++++ Input for this task ++++

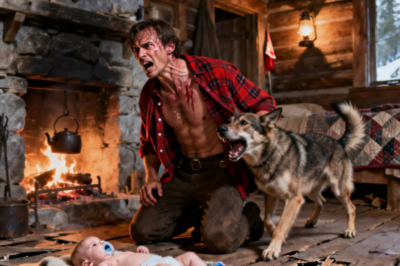 ¡Un perro se negó a dejar solo al bebé de un hombre de la montaña y, minutos después, rompió a llorar!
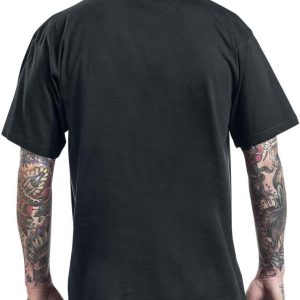 Foo Fighters Mens Bearded Skull Slim Fit T Shirt Black 4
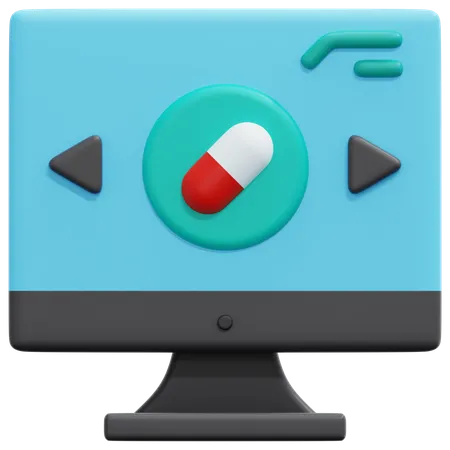 Online-Apotheke  3D Icon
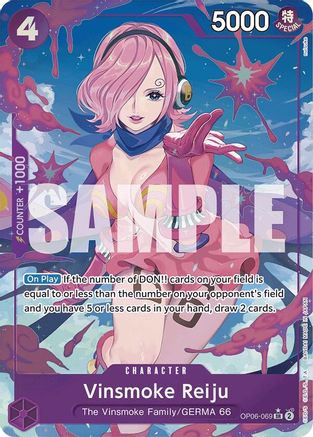 (OP06-069) Vinsmoke Reiju (OP06-069) (Alternate Art) - Premium Booster -The Best- Foil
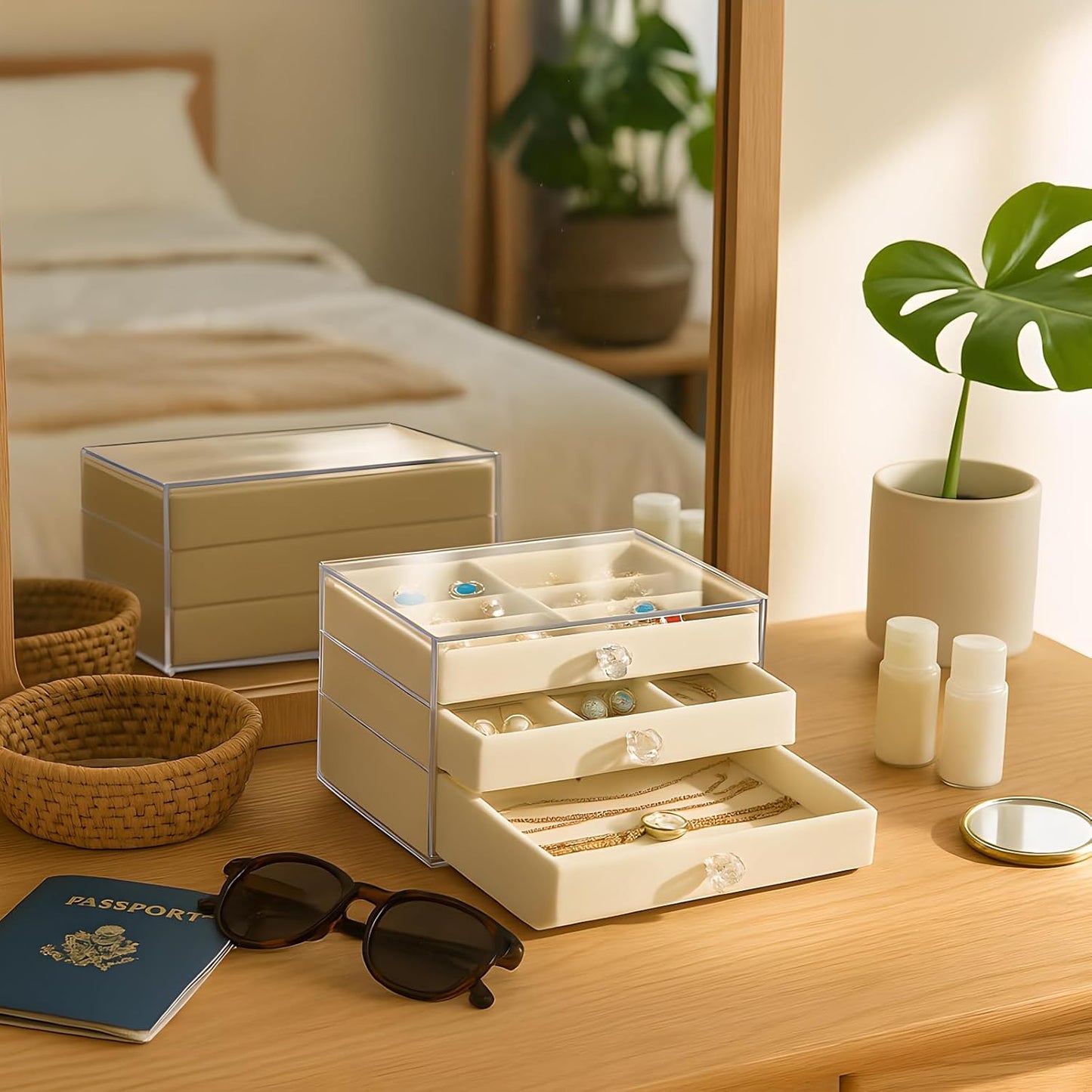 3 Drawers Jewelry Organzier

++++

#### Brief
Begin with the line holding "Foo Fighters Mens" and end with the last line of the listing. Reproduce each of those lines exactly, and leave every picture out.

#### Written solution
 Foo Fighters Mens Bearded Skull Slim Fit T Shirt Black 4
 Online-Apotheke  3D Icon
 (OP06-069) Vinsmoke Reiju (OP06-069) (Alternate Art) - Premium Booster -The Best- Foil
 3 Drawers Jewelry Organzier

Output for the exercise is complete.